Par Roger CADIERGUES le 04 Juillet 2019
La lettre précédente constituait une sorte d'introduction au problème de la perméabilité à l'air des bâtiments. Nous y avons essentiellement parlé des méthodes que nous dirons "anciennes", ce qui n'en diminue d'ailleurs pas la valeur. Reste à voir la technique "actuelle".
Quelles en sont les bases ?
La mesure des fuites lorsque les locaux sont portés à une surpression de 50 pascals. Pour ce faire on installe un dispositif d'essai assez simple dans les principes, un peu plus délicat dans la réalisation. La mesure porte sur un groupe de locaux, par exemple un appartement. Toutes les ouvertures extérieures sont obturées alors que toutes les ouvertures intérieures restent ouvertes. Grâce à un rack de ventilateurs, placé dans une entrée et aspirant l'air extérieur, on met progressivement les locaux en surpression. Celle de 50 pascals est normalement atteinte en une minute environ, temps à partir duquel on mesure le débit fourni, plusieurs mesures successives assurant la fiabilité des résultats. De plus, grâce à de petits générateurs de fumée il est généralement possible de repérer les fuites accidentelles et locales essentielles (que l'on corrige éventuellement). Le résultat utile est le débit (souvent en mètre cube par heure) qui peut être, ou non, rapporté au mètre carré de surface extérieure de l'enveloppe.
Est-ce ce résultat sous 50 pascals qui est utilisé, ou non ?
Dans certaines réglementations c'est le débit par mètre carré d'enveloppe défini précédemment qui est la règle, par exemple 10 [m³/m² h] en Grande Bretagne ou 3 [m³/m² h] dans certains pays scandinaves. D'autres réglementations ou labels utilisent des expressions différentes. C'est ainsi qu'avec le label PassivHaus le critère adopté est le débit en "volume par heure" (maximum 0,6). Alors qu'en réglementation française (RT 2005) c'est le débit pour une surpression de 4 pascals (et non pas 50 pascals), le débit devant être alors limité à 0,8 [m³/m² h] dans les maisons individuelles, à 1,2 dans l'habitat collectif et la majorité des locaux tertiaires (hostellerie-restauration, bureau, enseignement, établissements sanitaires), et à 2,5 dans les autres bâtiments (commerces, etc.). Passer de la valeur à 50 pascals à celle correspondant à 4 pascals exige une gymnastique numérique un peu conventionnelle.
Le résultat sous 50 pascals est-il vraiment significatif ?

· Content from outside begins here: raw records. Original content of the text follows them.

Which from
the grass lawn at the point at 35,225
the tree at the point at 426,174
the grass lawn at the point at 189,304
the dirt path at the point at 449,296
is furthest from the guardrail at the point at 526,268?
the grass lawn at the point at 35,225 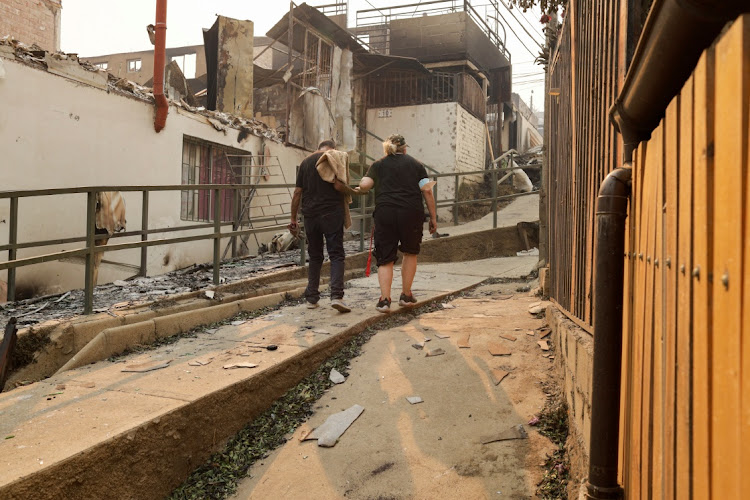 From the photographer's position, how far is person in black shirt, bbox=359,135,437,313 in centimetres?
547

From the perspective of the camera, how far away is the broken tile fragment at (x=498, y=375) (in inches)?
149

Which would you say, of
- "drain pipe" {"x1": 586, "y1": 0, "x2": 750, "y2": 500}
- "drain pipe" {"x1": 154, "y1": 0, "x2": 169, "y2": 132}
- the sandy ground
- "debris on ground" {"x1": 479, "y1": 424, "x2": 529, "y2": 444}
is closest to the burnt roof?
"drain pipe" {"x1": 154, "y1": 0, "x2": 169, "y2": 132}

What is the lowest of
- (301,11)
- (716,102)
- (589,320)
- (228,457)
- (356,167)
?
(228,457)

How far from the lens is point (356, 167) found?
16.3 m

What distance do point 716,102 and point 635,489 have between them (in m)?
1.20

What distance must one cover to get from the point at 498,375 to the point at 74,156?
6.62 metres

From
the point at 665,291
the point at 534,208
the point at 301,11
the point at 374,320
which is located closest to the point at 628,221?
the point at 665,291

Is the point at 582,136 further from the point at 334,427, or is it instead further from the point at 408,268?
the point at 408,268

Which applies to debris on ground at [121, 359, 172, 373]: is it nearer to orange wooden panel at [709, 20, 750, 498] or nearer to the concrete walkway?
the concrete walkway

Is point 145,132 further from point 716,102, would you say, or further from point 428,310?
point 716,102

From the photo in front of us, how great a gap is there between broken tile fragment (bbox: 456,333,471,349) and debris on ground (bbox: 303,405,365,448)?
105 cm

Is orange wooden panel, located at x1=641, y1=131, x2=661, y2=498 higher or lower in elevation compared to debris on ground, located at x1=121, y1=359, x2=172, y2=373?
higher

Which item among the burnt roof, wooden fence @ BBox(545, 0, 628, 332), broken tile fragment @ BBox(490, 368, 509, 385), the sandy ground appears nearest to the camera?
wooden fence @ BBox(545, 0, 628, 332)

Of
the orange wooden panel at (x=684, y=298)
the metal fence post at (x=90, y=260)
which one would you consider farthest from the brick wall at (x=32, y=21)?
the orange wooden panel at (x=684, y=298) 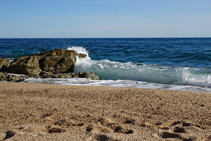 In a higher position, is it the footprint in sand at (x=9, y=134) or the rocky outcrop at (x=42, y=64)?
the rocky outcrop at (x=42, y=64)

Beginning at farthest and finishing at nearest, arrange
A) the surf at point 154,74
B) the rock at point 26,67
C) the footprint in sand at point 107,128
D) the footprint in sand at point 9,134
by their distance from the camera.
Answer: the rock at point 26,67 < the surf at point 154,74 < the footprint in sand at point 107,128 < the footprint in sand at point 9,134

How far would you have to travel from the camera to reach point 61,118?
361cm

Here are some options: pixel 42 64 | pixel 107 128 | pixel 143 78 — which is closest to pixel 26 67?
pixel 42 64

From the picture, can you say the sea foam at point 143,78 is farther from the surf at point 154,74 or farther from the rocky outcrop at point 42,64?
the rocky outcrop at point 42,64

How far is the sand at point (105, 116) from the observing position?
2.94m

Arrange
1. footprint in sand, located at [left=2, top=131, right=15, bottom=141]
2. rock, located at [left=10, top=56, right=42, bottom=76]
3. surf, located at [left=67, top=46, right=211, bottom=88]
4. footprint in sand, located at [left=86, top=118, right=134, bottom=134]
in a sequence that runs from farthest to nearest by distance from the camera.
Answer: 1. rock, located at [left=10, top=56, right=42, bottom=76]
2. surf, located at [left=67, top=46, right=211, bottom=88]
3. footprint in sand, located at [left=86, top=118, right=134, bottom=134]
4. footprint in sand, located at [left=2, top=131, right=15, bottom=141]

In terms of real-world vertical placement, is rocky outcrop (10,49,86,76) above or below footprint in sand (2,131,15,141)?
above

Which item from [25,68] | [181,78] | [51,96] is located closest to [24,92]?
[51,96]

Disons d'abord qu'il faut prendre quelques précautions lors de la mesure : contrôler le débit plusieurs fois, éventuellement corriger les défauts apparaissant aux tests de fumée. Dans la pratique ces essais ne sont effectués que par des équipes contrôlées bénéficiant d'une certaine expérience des tests. Lorsque les battants de portes extérieures sont de type traditionnel il se peut que l'essai sous pression biaise un peu les résultats, mais le plus gênant en général est la relative lourdeur du procédé, qui n'en permet pratiquement pas la généralisation. De sorte que la procédure, un peu lourde et coûteuse, risque surtout d'être utilisée pour les expertises dans le cas de difficultés de chauffage.
Peut-on utiliser d'autres procédés de mesure ?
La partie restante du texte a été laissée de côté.